Simply keeping a record of how each of the hundreds of tips we make actually perform against the eventual result is not enough, what we need now is a way of analysing that data and grouping it logically to get the best from it. Results are not absolutely the same, quite simply a tip that shows one possible outcome for match A and also the same possible outcome for match B will certainly not produce the exact same result (i.e. a correct prediction or possibly a wrong prediction). Why is this? Well you can find hundreds of reasons why and you will never be able to account for all of them, if you can you would without doubt be a millionaire. When trying to predict the outcome of a match you could look-at such qualitative things as the present injury number of each team, the team sheet, morale of the players, etc. We can also look-at Quantitative factors using our statistical methods to predict the outcome of the match, so we may look-at things like past performance, position within the league, or maybe more tried and tested statistical methods such as the Rateform method. We can utilize all of this data to predict the outcome of match A as well as the outcome of match B and still not have the same result, a part of the reason behind this is, as explained before, that we can not account for all the factors in a match, it’s impossible. But there’s something else, something we can account for which we have not yet thought about.
Whenever we look at one match in isolation we only look-at the factors concerning each of the 2 teams in the match, but why not expand this to look at how another teams they have played will also be performing? ‘Why would we want to do that?’ I hear some of you say. Because results are not always the same. Let’s say our prediction for match A and match B is a home win (forgetting about the predicted score for the moment). What else can we consider to enhance the prediction of a home win? We can look-at the performance of all of the home win tips created for the exact same competition that the match is being played in and then make a judgement based on that new information.
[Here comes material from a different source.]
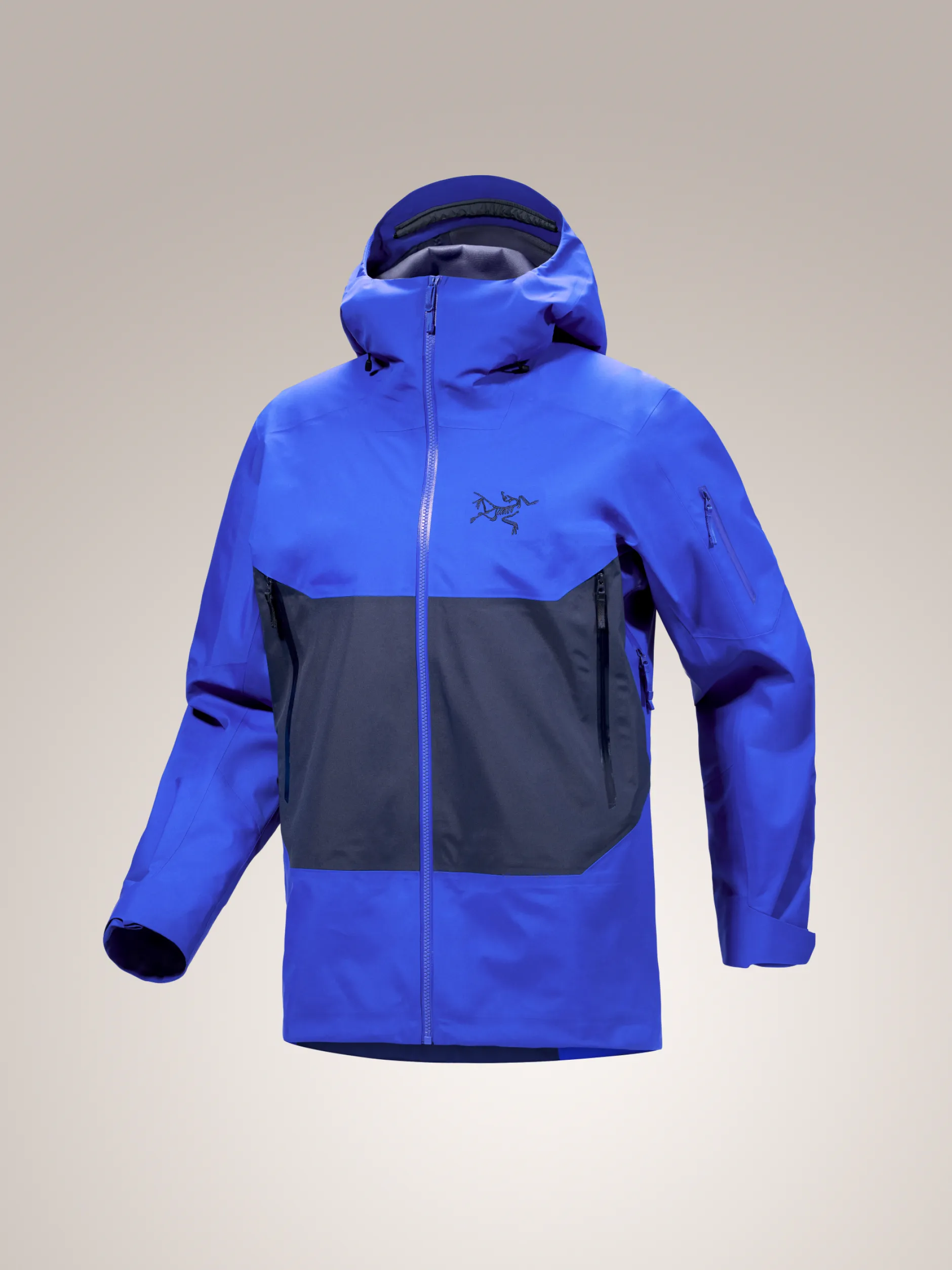 Sabre Jacket Men's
This is great as it gives us an extra factoring level to remember the fact that we did not have before.
Looking across all the home win predictions in an individual league will give us a portion success rate for home wins for that specific league, but we can improve on this even further. We can do this by doing the exact same exercise across a variety of leagues and obtaining a share success rate for each league. This implies we can now look for the league which produces the top overall home win prediction success rate and look for home win predictions for the coming fixtures. By default we know that that league might be more likely to produce a successful outcome for a home prediction than every other. Of-course we can employ this technique for away win and draw predictions also.
How Tight Will be the League?:
Why does this distinction among the leagues occur? As with trying to predict the outcome of just one match there are various factors that make up this phenomenon, but there are actually just a couple of major factors that influence why one league should produce more home wins by way of a season than another. The most obvious of these could be described as the ’tightness’ of the league. What do I mean by ’tightness’? In any league there is often a gap within the skills and abilities of those teams consistently at the top of the league and those at the bottom, this is often expressed as a ‘difference in class’. This difference in class varies markedly between different leagues with some leagues being much more competitive than others due to a more in-depth level of skills through the league, ‘a tight league’. In the example of a tight league the instances of drawn games will be more noticeable than with a ‘not so tight league’ and home wins will most likely be of a lower frequency.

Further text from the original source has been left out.